TO DO:
When you reach the line with "How to take" in the data below, begin printing lines exactly, and stop once the line with "This helps reduce" has been printed.

Saved data entries:
━━━━

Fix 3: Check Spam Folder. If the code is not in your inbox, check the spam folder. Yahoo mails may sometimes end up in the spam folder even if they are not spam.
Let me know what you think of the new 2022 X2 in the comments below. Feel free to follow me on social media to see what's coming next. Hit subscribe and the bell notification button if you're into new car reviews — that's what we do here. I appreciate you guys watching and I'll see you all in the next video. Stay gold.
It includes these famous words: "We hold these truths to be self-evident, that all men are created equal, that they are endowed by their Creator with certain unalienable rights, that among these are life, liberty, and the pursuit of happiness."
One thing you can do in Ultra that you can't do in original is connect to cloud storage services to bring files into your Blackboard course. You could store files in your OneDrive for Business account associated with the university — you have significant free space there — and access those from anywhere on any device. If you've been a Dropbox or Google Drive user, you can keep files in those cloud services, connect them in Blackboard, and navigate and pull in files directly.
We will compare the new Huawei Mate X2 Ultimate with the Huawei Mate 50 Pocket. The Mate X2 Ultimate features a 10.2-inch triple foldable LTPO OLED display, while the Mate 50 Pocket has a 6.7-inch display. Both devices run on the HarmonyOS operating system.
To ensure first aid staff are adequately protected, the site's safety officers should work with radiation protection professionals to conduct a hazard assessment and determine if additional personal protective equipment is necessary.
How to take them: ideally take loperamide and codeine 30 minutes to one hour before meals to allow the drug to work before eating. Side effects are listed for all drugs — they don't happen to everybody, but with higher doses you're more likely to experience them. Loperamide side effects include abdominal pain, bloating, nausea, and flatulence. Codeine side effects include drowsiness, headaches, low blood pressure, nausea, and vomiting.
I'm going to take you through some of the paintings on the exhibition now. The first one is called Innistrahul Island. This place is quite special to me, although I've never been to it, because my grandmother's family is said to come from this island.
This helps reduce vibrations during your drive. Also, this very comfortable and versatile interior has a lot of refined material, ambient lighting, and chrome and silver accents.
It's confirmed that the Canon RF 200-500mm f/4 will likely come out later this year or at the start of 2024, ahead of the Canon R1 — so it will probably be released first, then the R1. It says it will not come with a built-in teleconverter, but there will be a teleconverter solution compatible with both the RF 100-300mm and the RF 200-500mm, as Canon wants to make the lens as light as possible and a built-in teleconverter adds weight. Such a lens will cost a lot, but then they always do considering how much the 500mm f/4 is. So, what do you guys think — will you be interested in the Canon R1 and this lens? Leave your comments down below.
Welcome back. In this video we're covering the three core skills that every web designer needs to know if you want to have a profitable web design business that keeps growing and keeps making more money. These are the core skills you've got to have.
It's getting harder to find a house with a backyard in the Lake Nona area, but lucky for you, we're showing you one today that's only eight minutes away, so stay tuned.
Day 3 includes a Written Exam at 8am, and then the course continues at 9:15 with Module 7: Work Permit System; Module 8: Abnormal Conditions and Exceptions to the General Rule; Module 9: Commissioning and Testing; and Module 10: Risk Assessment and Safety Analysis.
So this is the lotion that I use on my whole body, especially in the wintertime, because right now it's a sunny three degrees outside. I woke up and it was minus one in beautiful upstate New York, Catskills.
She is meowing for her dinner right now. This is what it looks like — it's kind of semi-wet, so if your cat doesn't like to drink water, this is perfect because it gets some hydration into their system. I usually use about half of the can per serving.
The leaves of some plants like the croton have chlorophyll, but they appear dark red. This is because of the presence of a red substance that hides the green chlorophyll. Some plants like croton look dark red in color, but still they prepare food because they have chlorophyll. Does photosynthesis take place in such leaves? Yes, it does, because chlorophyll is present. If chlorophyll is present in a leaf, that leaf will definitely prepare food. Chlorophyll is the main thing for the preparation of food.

━━━━

ANSWER TO THE PROBLEM:
How to take them: ideally take loperamide and codeine 30 minutes to one hour before meals to allow the drug to work before eating. Side effects are listed for all drugs — they don't happen to everybody, but with higher doses you're more likely to experience them. Loperamide side effects include abdominal pain, bloating, nausea, and flatulence. Codeine side effects include drowsiness, headaches, low blood pressure, nausea, and vomiting.
I'm going to take you through some of the paintings on the exhibition now. The first one is called Innistrahul Island. This place is quite special to me, although I've never been to it, because my grandmother's family is said to come from this island.
This helps reduce vibrations during your drive. Also, this very comfortable and versatile interior has a lot of refined material, ambient lighting, and chrome and silver accents.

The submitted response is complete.